#### Requirement:
Find the line with "Sites similar to dota2plusz.ru" in the entries below, then output every line from it down to the line with "Clothing & Accessories", exactly and with no pictures.
--- Data for this exercise ---
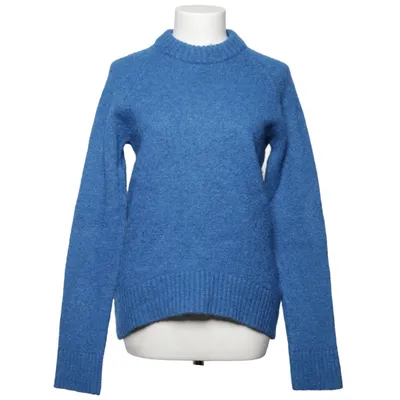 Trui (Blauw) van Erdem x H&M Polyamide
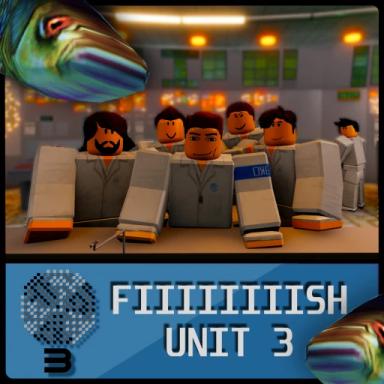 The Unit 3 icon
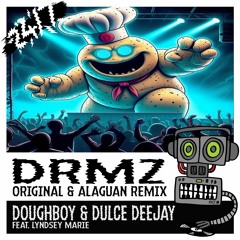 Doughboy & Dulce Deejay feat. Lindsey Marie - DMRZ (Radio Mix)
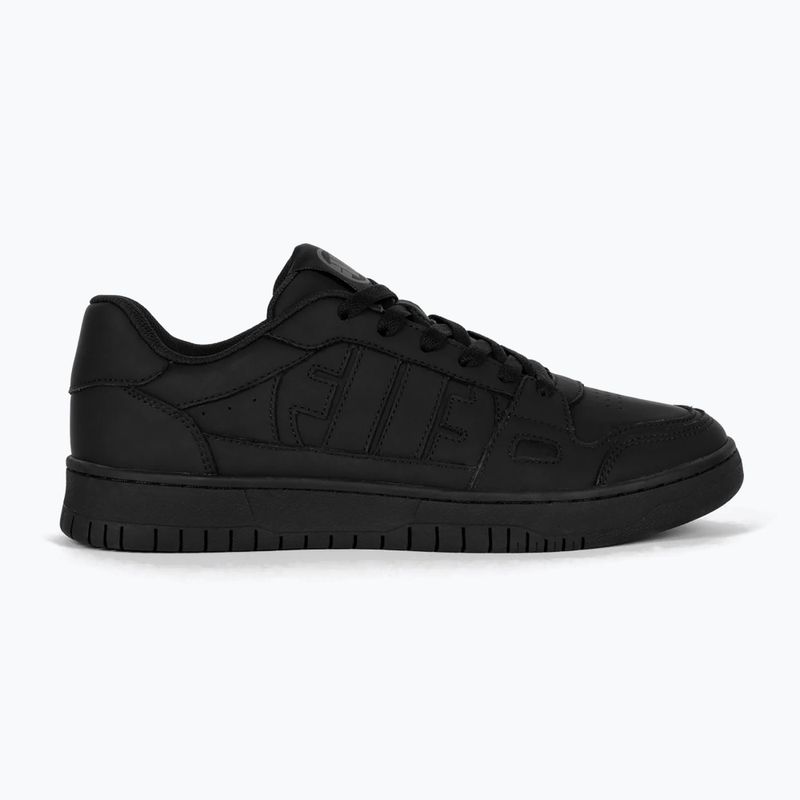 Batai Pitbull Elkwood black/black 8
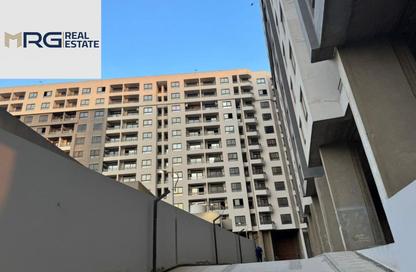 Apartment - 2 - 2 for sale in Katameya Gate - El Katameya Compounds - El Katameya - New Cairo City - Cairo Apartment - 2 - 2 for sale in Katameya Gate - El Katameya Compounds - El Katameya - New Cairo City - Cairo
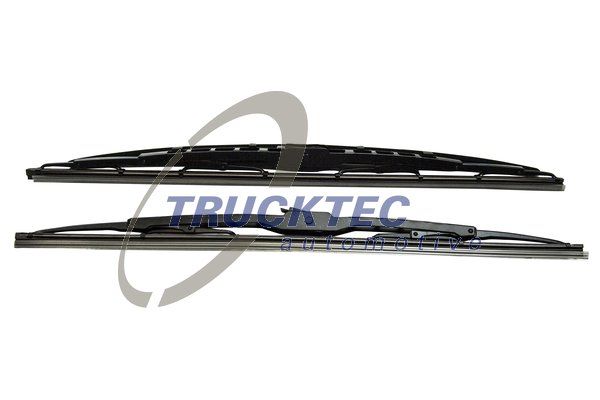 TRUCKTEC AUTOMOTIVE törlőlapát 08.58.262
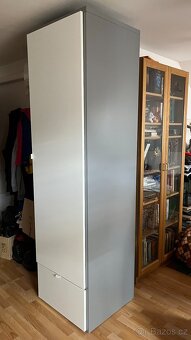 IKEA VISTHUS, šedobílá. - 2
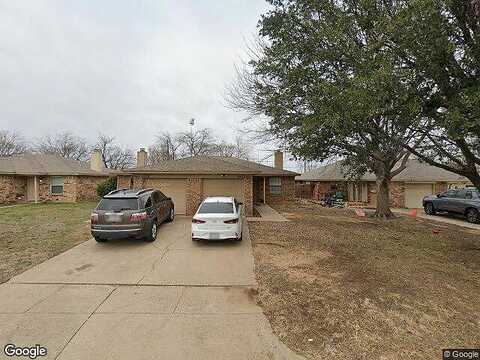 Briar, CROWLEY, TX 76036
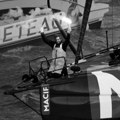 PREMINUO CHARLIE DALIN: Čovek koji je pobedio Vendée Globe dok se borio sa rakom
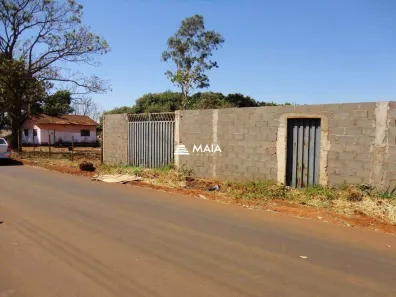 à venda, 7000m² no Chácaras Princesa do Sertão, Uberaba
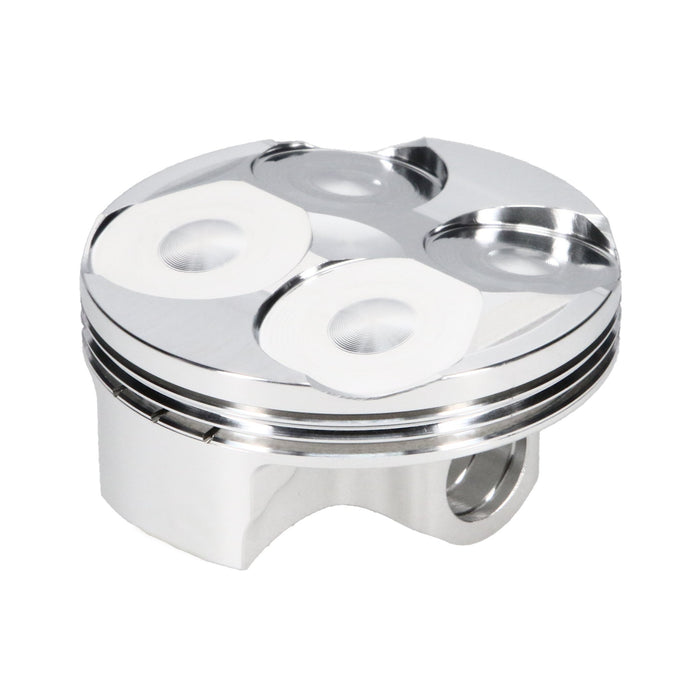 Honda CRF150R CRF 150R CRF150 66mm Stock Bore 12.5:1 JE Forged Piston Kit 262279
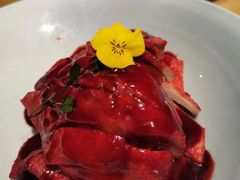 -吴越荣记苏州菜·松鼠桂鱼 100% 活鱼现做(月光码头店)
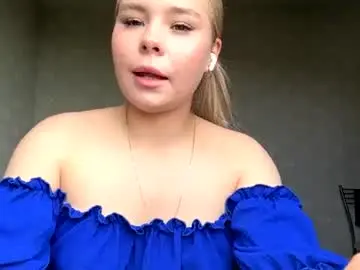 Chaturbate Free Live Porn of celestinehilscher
---
--- Data for this exercise ---
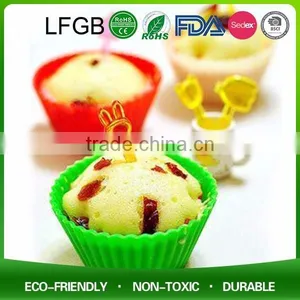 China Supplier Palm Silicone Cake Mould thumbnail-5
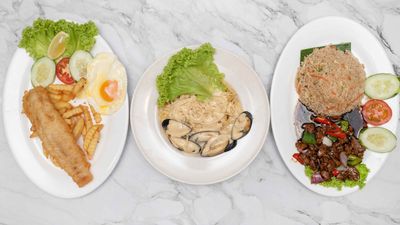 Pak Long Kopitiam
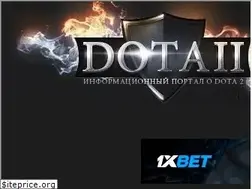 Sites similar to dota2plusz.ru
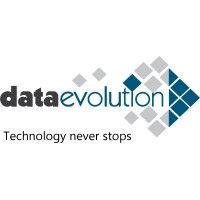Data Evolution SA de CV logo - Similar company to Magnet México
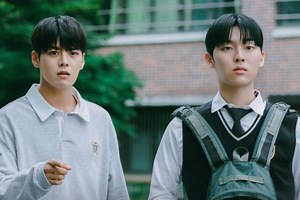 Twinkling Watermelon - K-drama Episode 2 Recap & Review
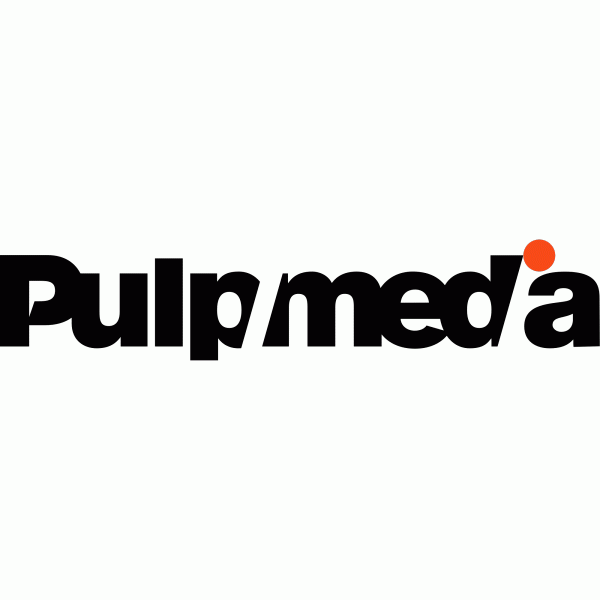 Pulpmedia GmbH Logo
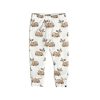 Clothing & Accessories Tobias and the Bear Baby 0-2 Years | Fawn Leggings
---
--- Data for this exercise ---
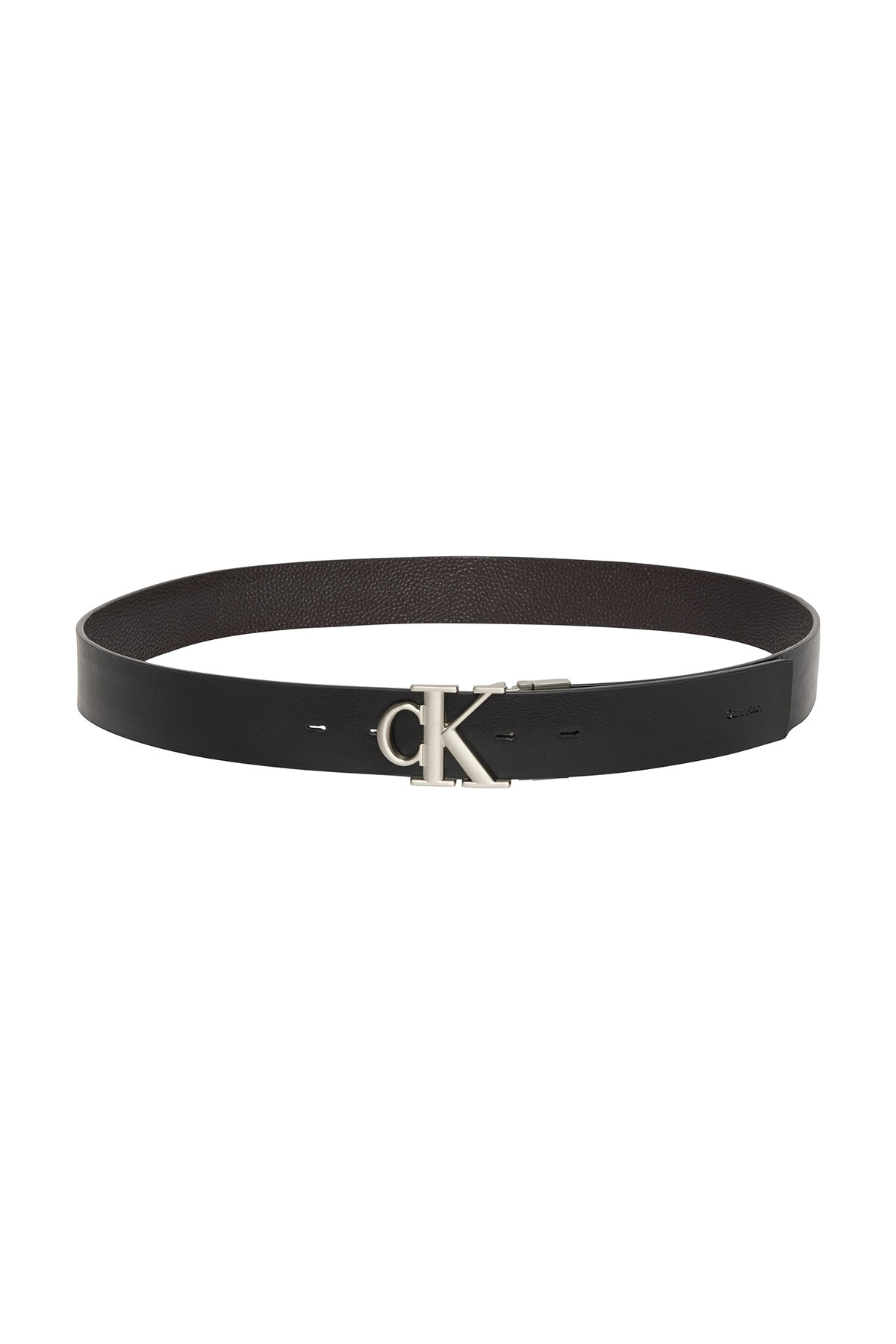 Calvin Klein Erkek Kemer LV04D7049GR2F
---
#### Exercise output:
 Sites similar to dota2plusz.ru
Data Evolution SA de CV logo - Similar company to Magnet México
 Twinkling Watermelon - K-drama Episode 2 Recap & Review
 Pulpmedia GmbH Logo
 Clothing & Accessories Tobias and the Bear Baby 0-2 Years | Fawn Leggings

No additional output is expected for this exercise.